(Collected data)
##############################
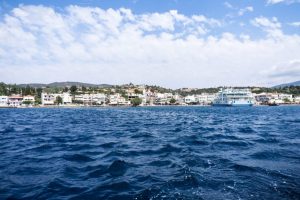 Earthquake in Evia – Videos the Moment it Strikes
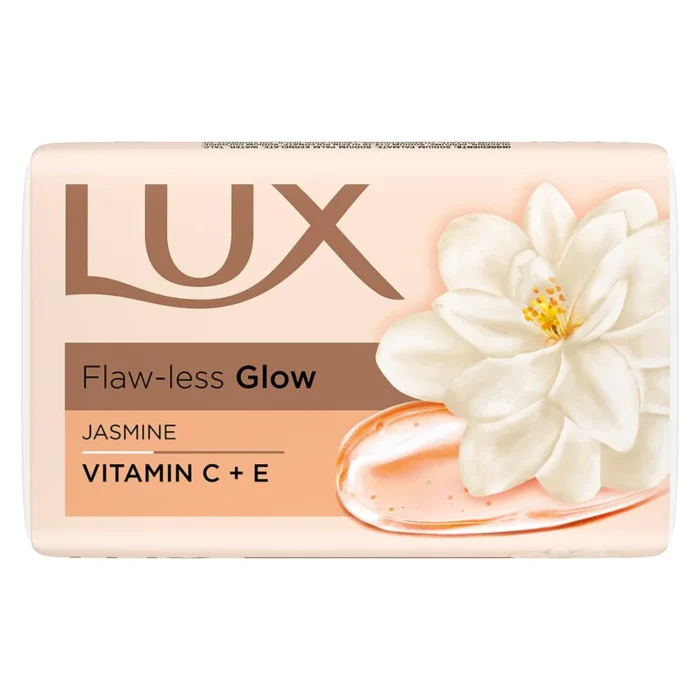 lux soap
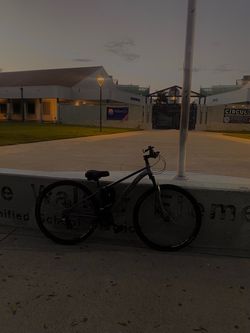 Bike 26 inch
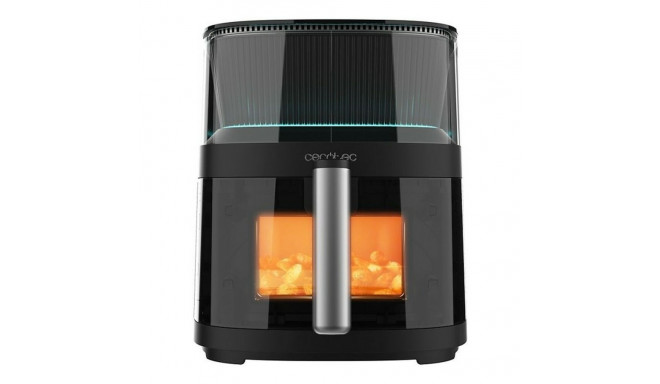 Air Fryer Cecotec Cecofry Neon 5000 5 L Black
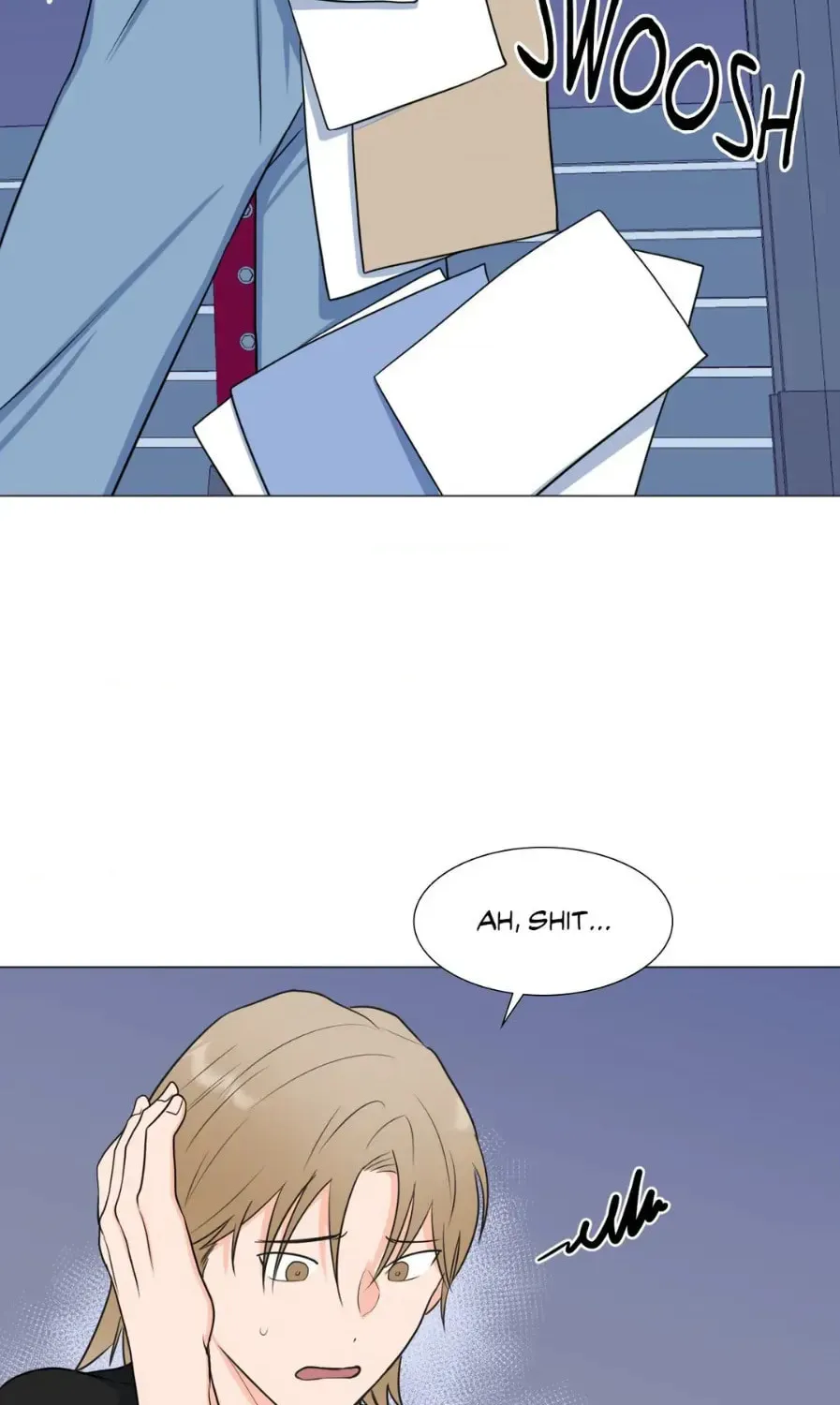 Love Without Borders [Official] Chapter 26 page 70 - 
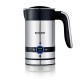 Severin SM 3584 milk frother/warmer Automatic Black, Stainless steel Severin SM 3584 milk frother/warmer Automatic Black, Stainless steel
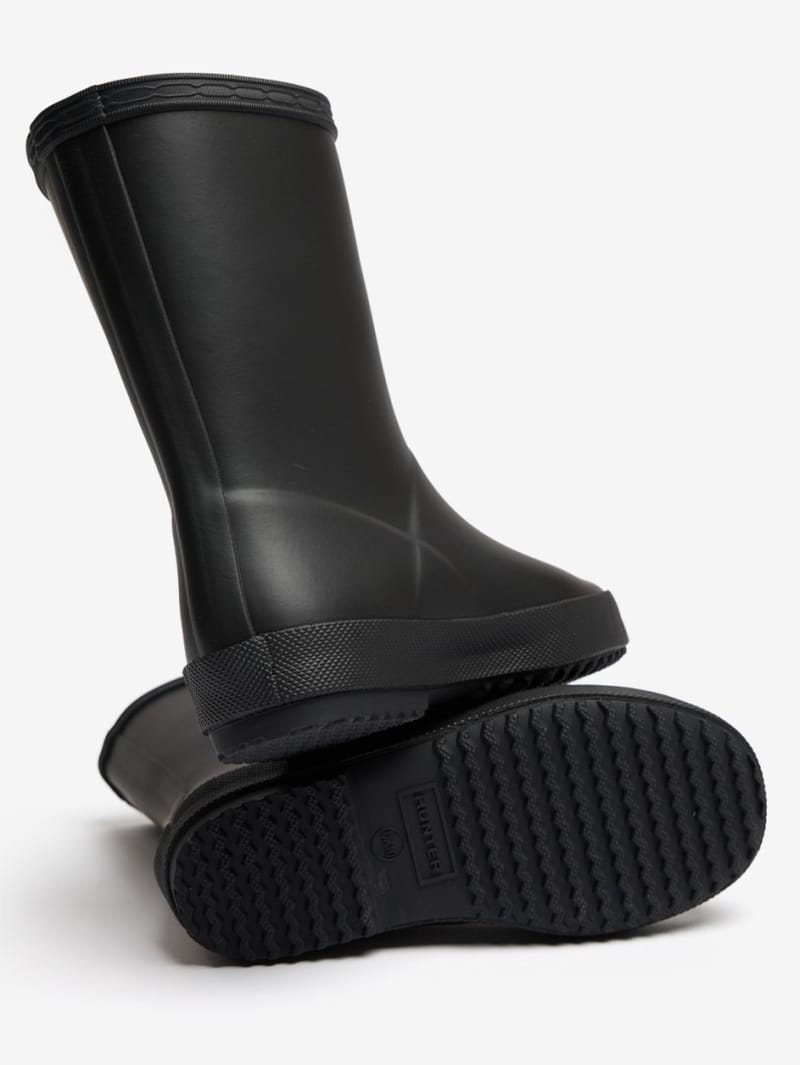 Hunter: First classic rubber Wellington boots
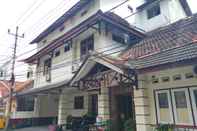 Exterior Hotel Prambanan Malioboro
##############################
Above are the records; copy every one of them exactly and omit the images.

▶ **WRITTEN ANSWER**
 Earthquake in Evia – Videos the Moment it Strikes
 lux soap
 Bike 26 inch
 Air Fryer Cecotec Cecofry Neon 5000 5 L Black
 Love Without Borders [Official] Chapter 26 page 70 - 
 Severin SM 3584 milk frother/warmer Automatic Black, Stainless steel Severin SM 3584 milk frother/warmer Automatic Black, Stainless steel
 Hunter: First classic rubber Wellington boots
 Exterior Hotel Prambanan Malioboro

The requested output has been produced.